How to use Chopsticks Correctly
Chopsticks, Chopsticks Everywhere
To eat and enjoy Japanese food, Chinese food, and other asian cuisine, it helps if you know how to use chopsticks correctly.Your whole experience will be more authentic when you can eat your rice straight from the rice bowl using your chopsticks, and it really is easy once you know how. Here are the instructions on how to use chopsticks properly.
First of all there are different types of chopsticks.
Chinese chopsticks are the most common. They are rather thick, about ten inches long and the same circumference from top to bottom.
Japanese chopsticks are shorter (about seven inches long) and are tapered at the eating end, coming almost to a point. Both sorts can be made of either plastic or wood. They are often coated in lacquer and can be very colourful.

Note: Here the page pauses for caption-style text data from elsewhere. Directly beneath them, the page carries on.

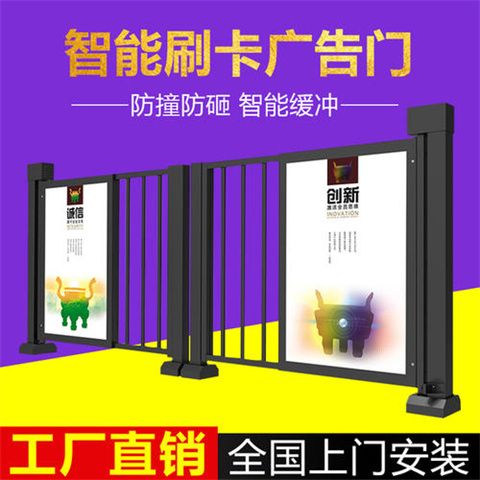 电动平移栅栏门 工业区无轨道电动门 维修不锈钢自动大门 小区社区人行通道广告小门 可上门安装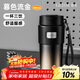 格米（germ）雙飲保溫杯男女潮流咖啡杯吸管水杯便攜辦公車(chē)載杯子480ML流金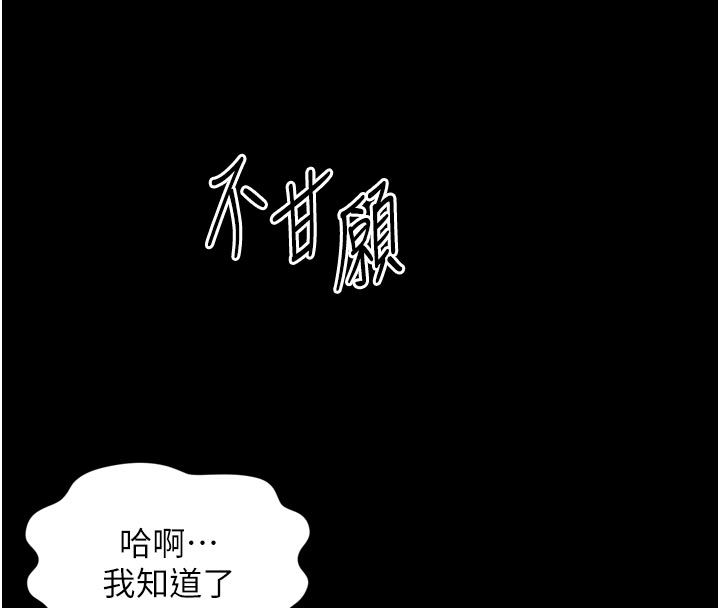 越线咨询第26話-罰妳用屁眼吃肉棒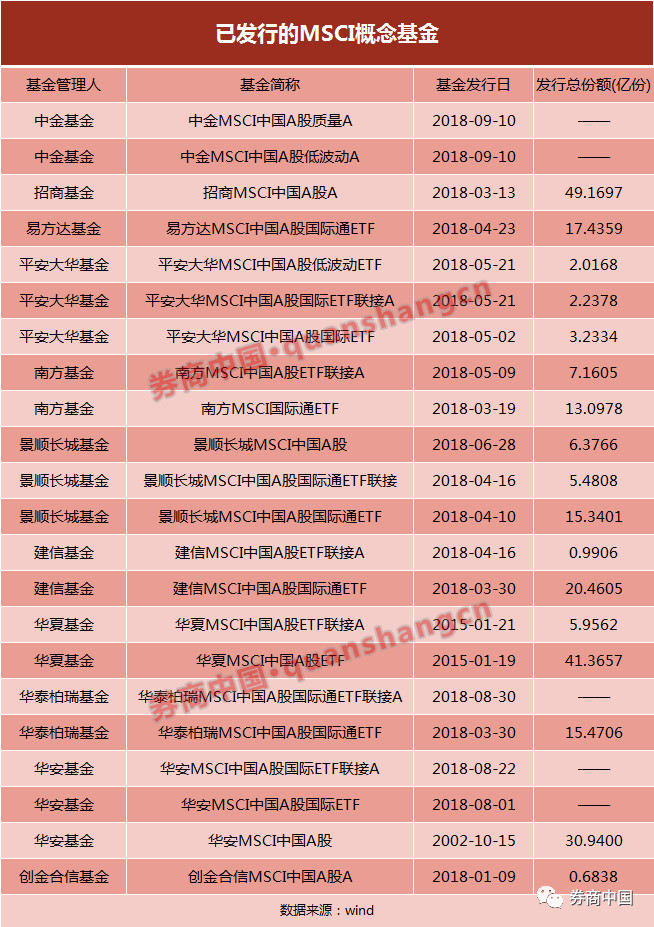 微信图片_20180913212157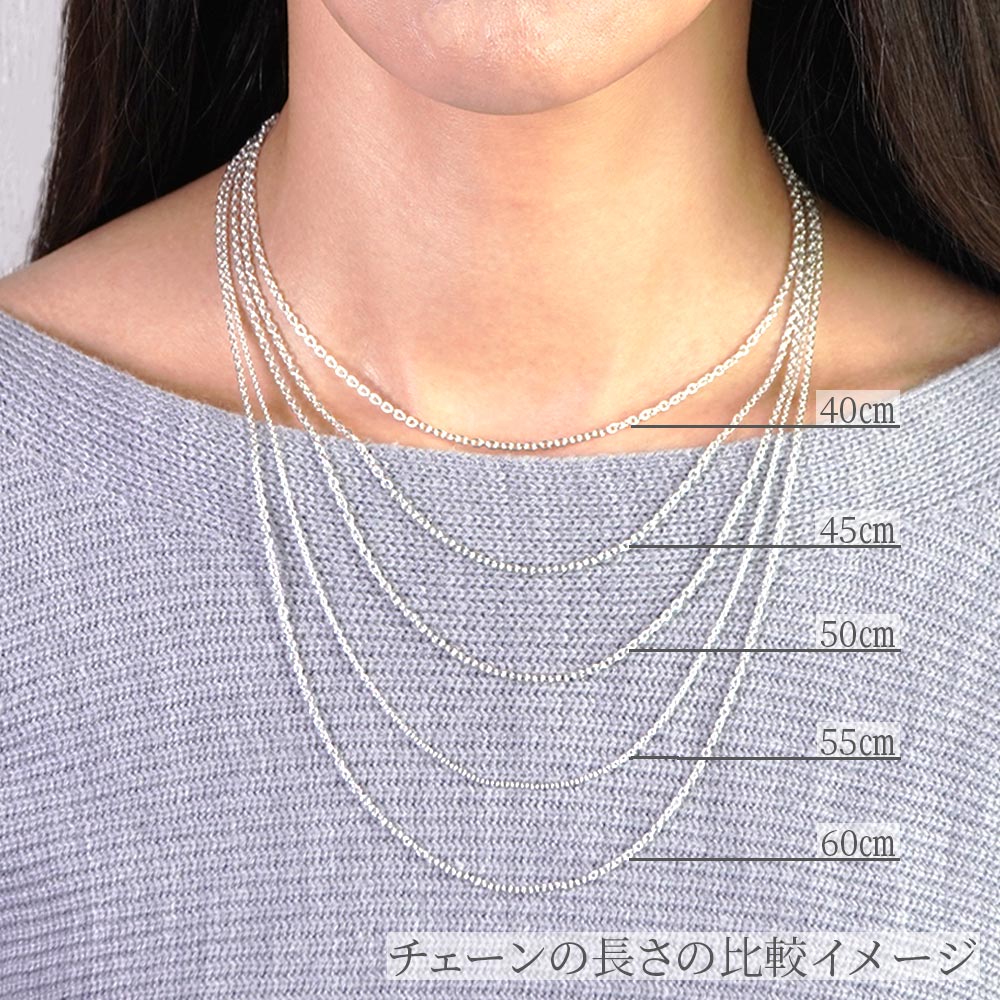 楽天市場】スクリューチェーン 40cm 3.0mm SV925 ネックレス シルバー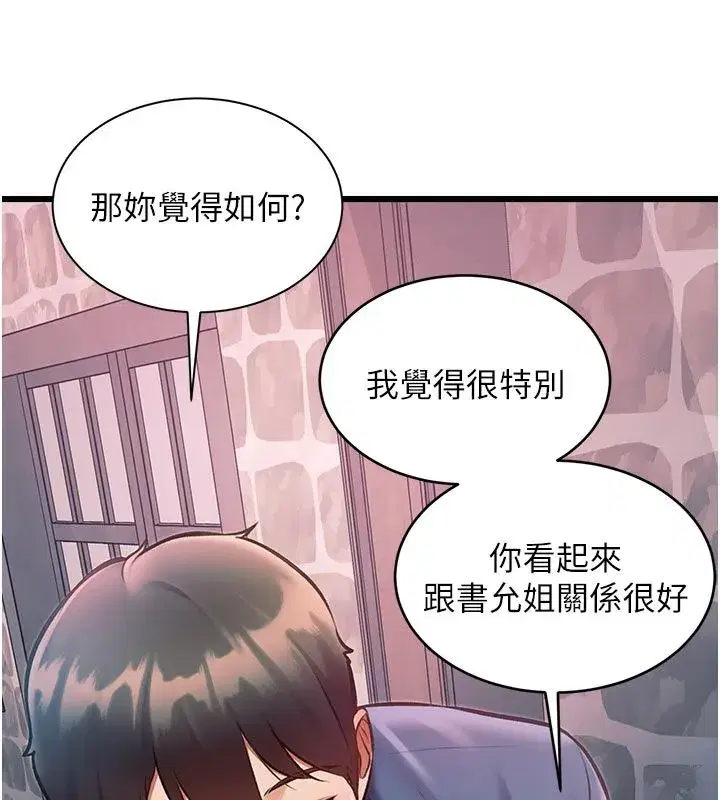 第93話 - 第54页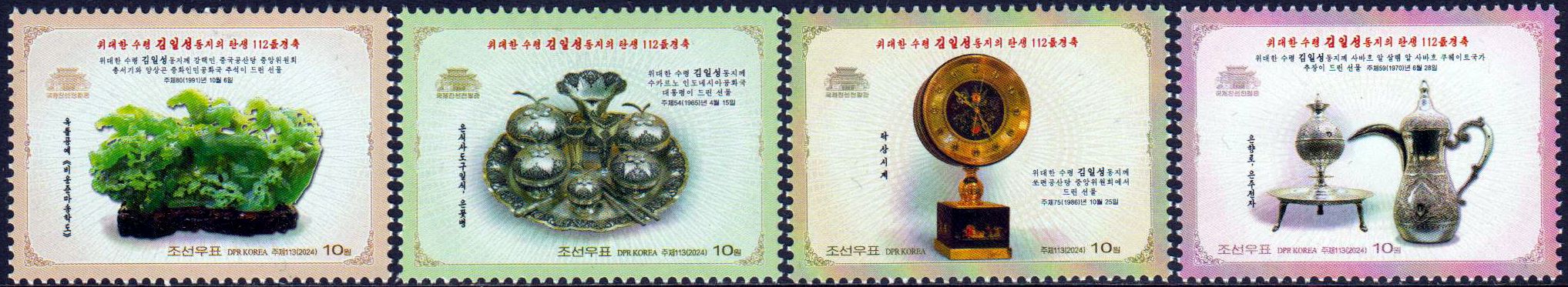 112. Geburtstag von Kim Il Sung 2024, Kunst
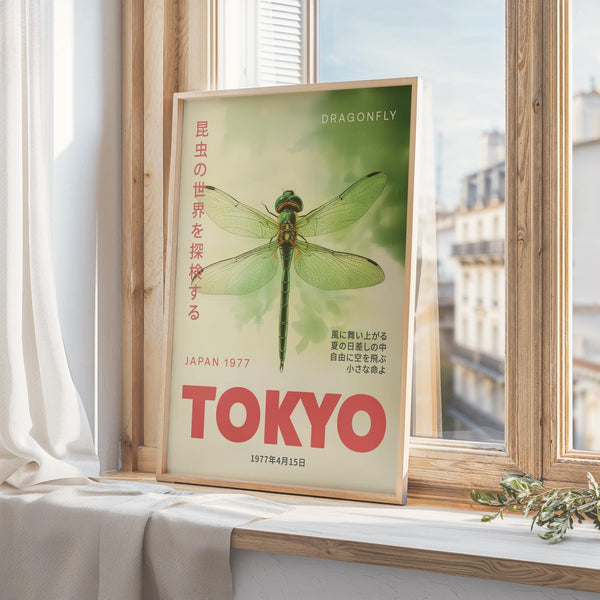 Premium matte finish print in curated dragonfly wall art collection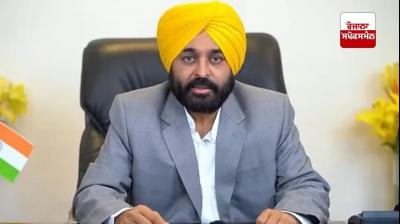 ਮੁੱਖ ਮੰਤਰੀ ਭਗਵੰਤ ਮਾਨ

Restaurants also provide a plain wooden variety and these are usually joined together at the end. They are broken apart, used once and then thrown away, in the interests of hygiene.
Many years ago, when I asked my wife Keiko to teach me how to use chopsticks properly, she had some difficulty in explaining. It was second nature to her. She had never thought about how she actually does it. To her, it was like asking which muscles she uses to walk with.
With a shrug of her shoulders, she replied “I don't know, I just do it”.
So How is it Done?
However, after some consideration, she was able to give me instructions. So here they are, “straight from the horses’ mouth”, so to speak.
1. Take the first chopstick, which we will call the bottom one, and place the top end in the “v” between the base of your thumb and your index finger. Now, wedge the bottom end against the top of your fourth finger. Your fourth finger (the one next to the little finger) must press firmly against the chopstick so that it is fixed and cannot move. It is wedged solid. This is the most important point - this chopstick should not move whilst eating.
2. Now, take the second chopstick, which we will call the top one, and hold it between your thumb, forefinger and second finger exactly as you would hold a ballpoint pen when writing. This is the chopstick that moves, and the one that actually enables the 'picking up'. Try it. Hold the bottom chopstick still, and then “write” with the top one. This is the trick.
3. The other thing to remember is that both chopsticks must come together at the eating end, at the same point. You can ensure this by tapping the sticks on the table, ends down before you put them into 'eating' position'. And that's it.
Relax, and with some practise, you will soon be impressing your friends with your confident and accomplished use of 'the dreaded alternative to a knife and fork'. Before you know it, picking up peas and even grains of rice will be child’s play!